* _Directions for this task_:
With the pictures left out, set down the line containing "تعداد کاربران پالیگان" and each line after it to the end of the material, exactly as written.

* _Data section_:

--- --- ---

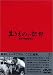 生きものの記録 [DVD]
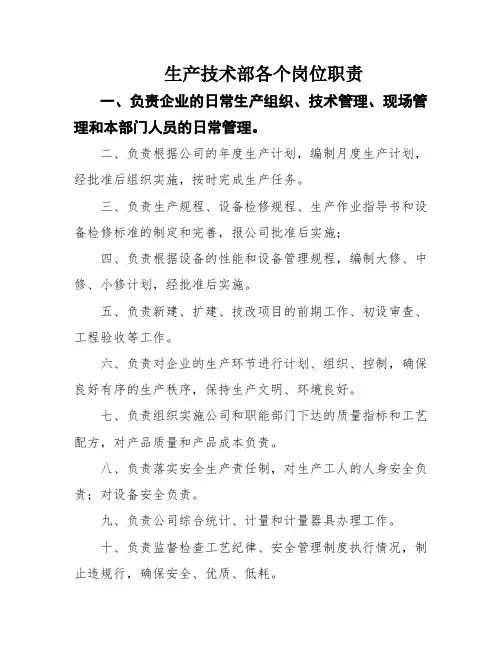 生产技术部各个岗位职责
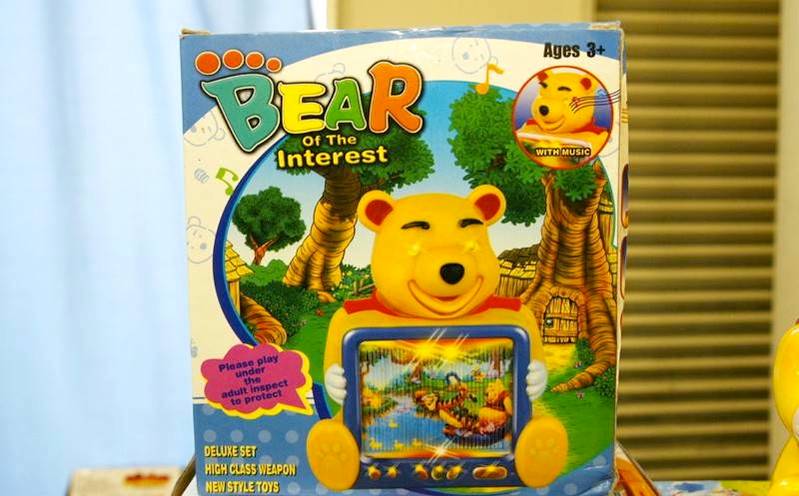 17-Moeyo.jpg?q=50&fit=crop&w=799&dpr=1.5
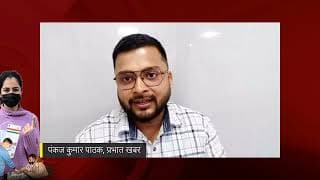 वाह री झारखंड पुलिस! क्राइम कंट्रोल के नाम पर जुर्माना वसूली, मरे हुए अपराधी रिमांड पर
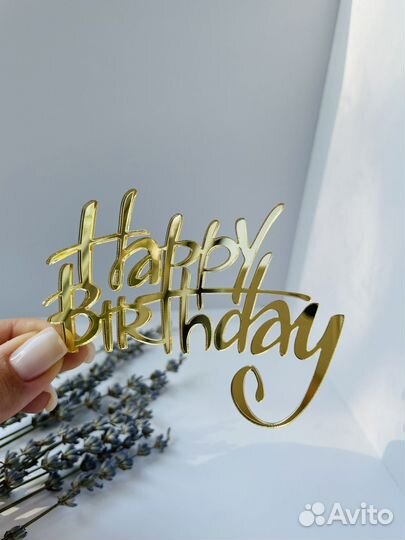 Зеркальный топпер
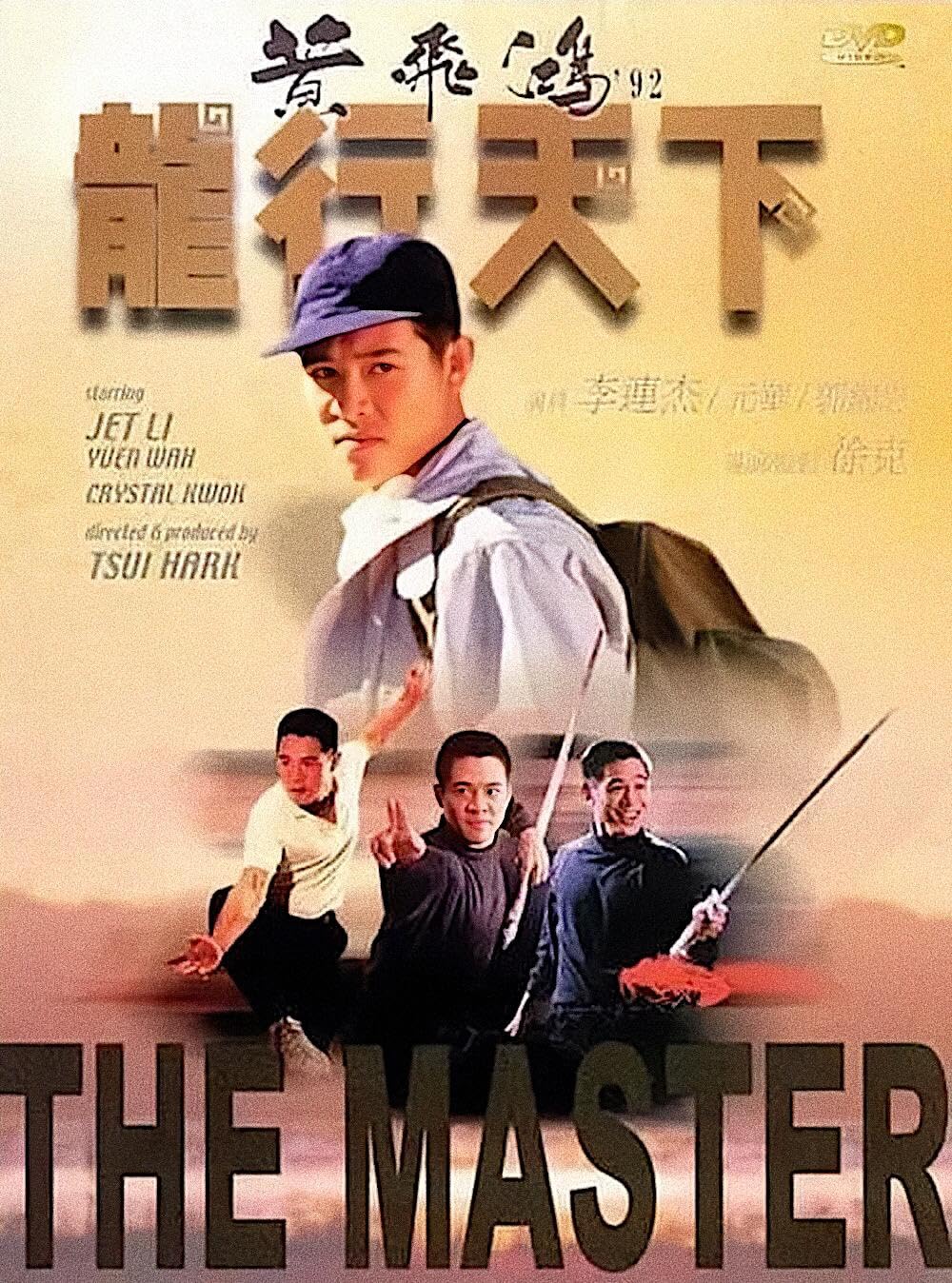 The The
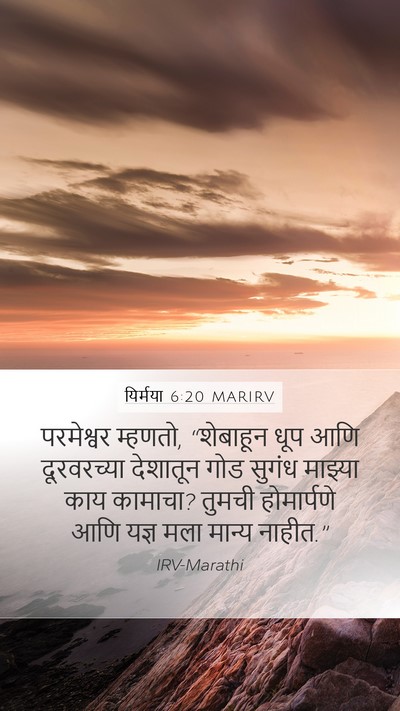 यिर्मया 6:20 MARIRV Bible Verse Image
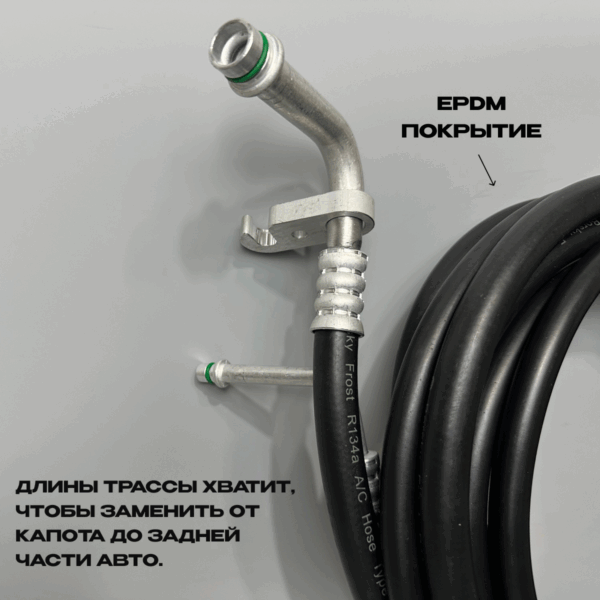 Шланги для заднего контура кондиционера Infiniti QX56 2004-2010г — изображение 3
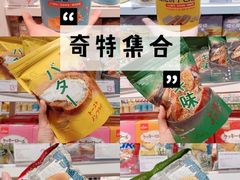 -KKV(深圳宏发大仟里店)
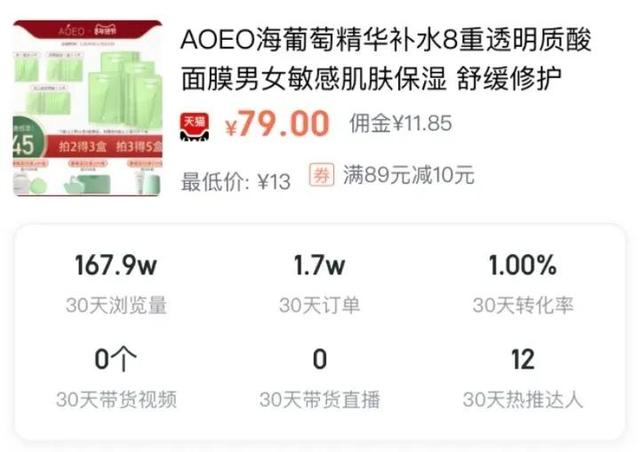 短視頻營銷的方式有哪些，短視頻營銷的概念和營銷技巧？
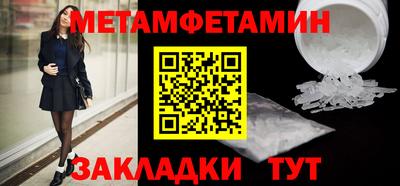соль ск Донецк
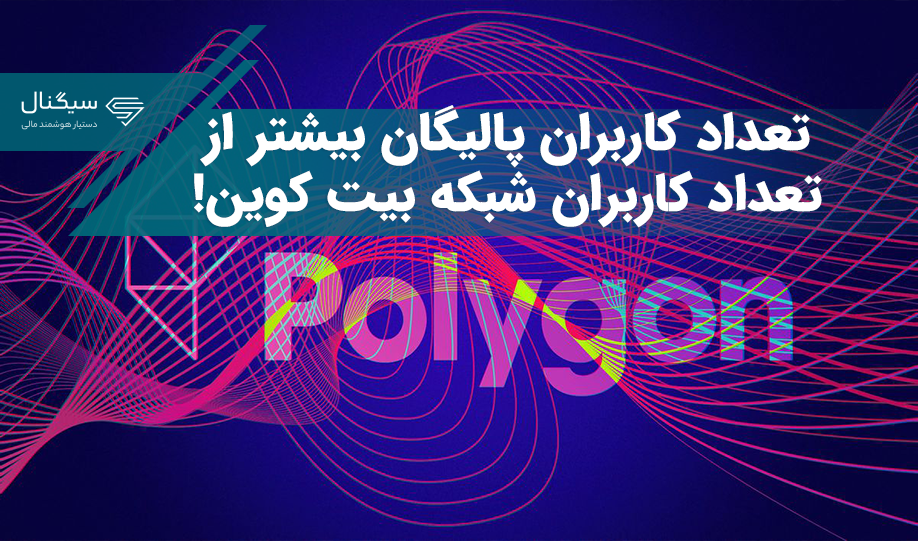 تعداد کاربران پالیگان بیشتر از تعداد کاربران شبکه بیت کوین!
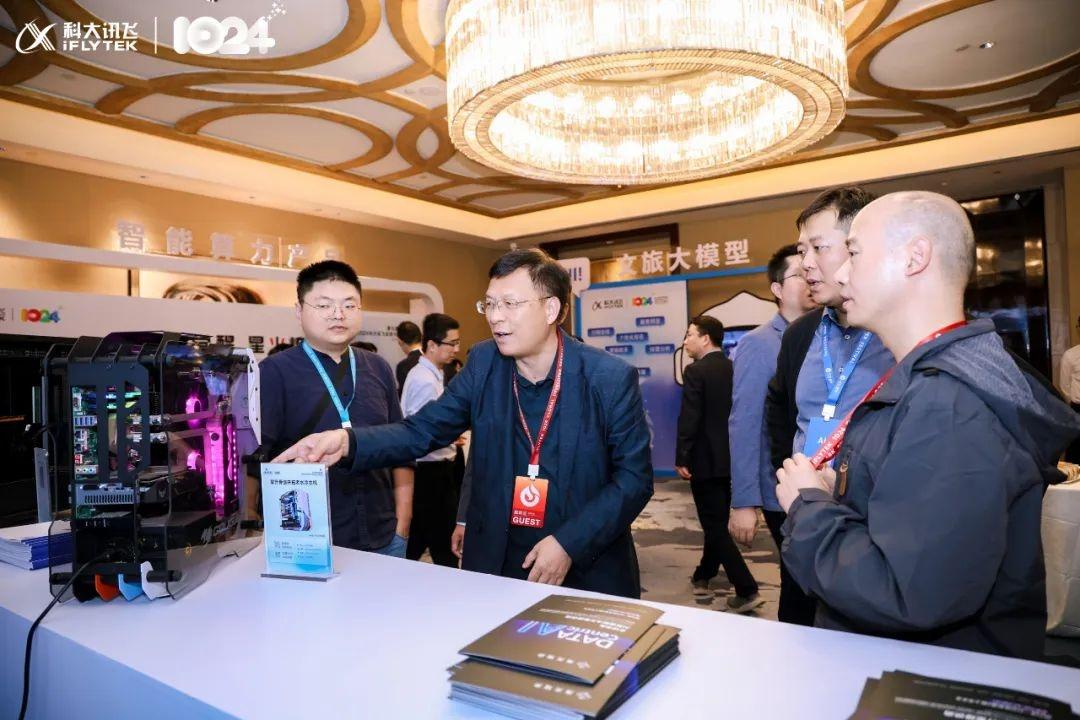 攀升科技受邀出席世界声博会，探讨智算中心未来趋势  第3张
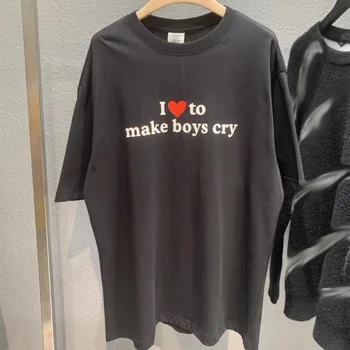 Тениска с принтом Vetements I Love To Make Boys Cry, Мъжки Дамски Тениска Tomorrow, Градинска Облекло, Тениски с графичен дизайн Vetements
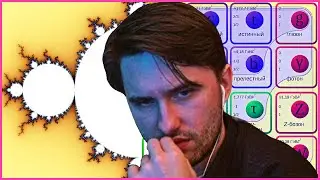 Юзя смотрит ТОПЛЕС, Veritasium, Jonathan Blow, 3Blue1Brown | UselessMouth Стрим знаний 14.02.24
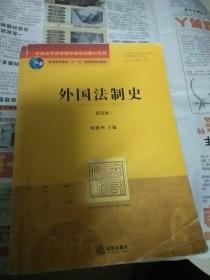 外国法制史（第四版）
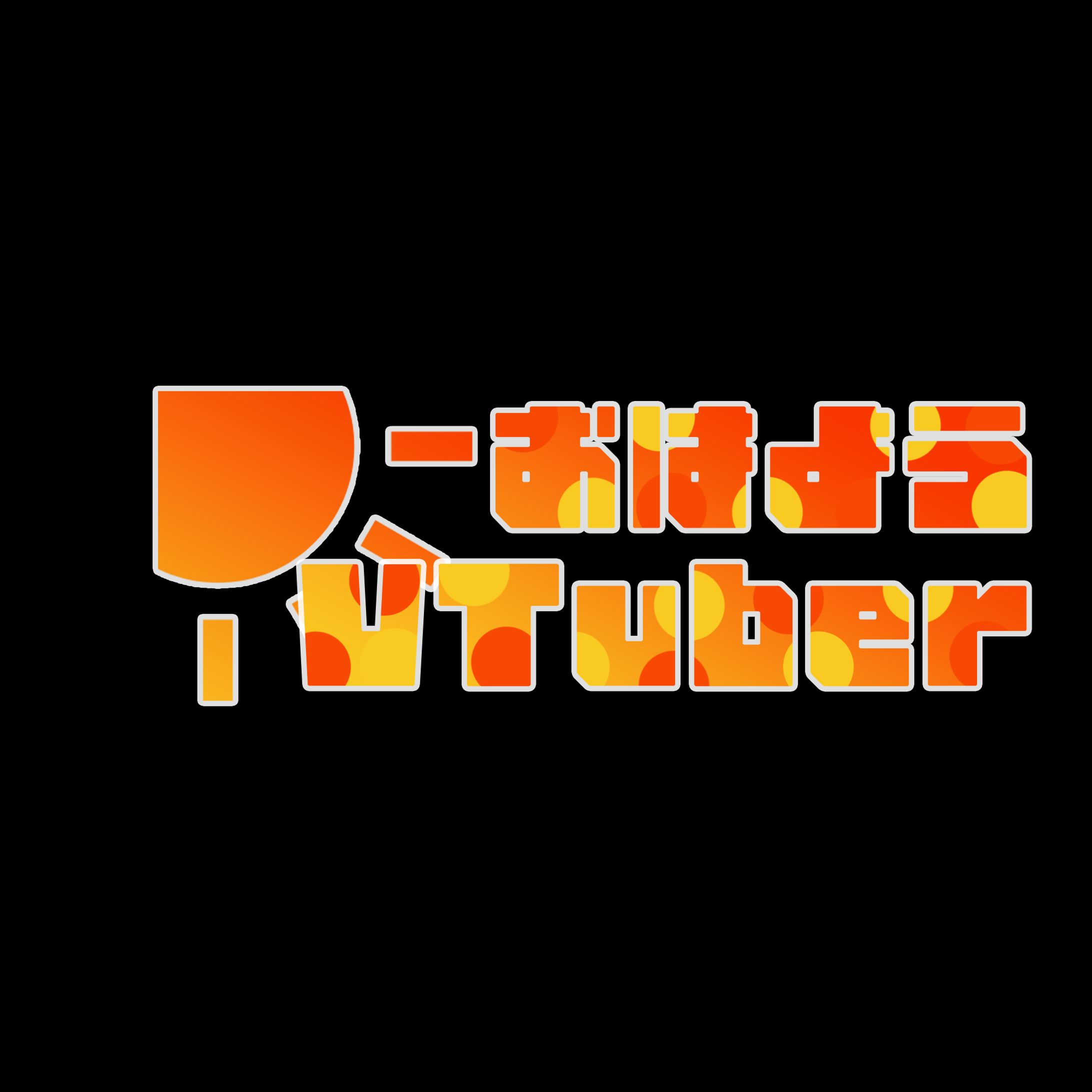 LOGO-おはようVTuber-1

--- --- ---

* _Answer to this problem_:
 تعداد کاربران پالیگان بیشتر از تعداد کاربران شبکه بیت کوین!
 攀升科技受邀出席世界声博会，探讨智算中心未来趋势  第3张
 Тениска с принтом Vetements I Love To Make Boys Cry, Мъжки Дамски Тениска Tomorrow, Градинска Облекло, Тениски с графичен дизайн Vetements
 Юзя смотрит ТОПЛЕС, Veritasium, Jonathan Blow, 3Blue1Brown | UselessMouth Стрим знаний 14.02.24
 外国法制史（第四版）
 LOGO-おはようVTuber-1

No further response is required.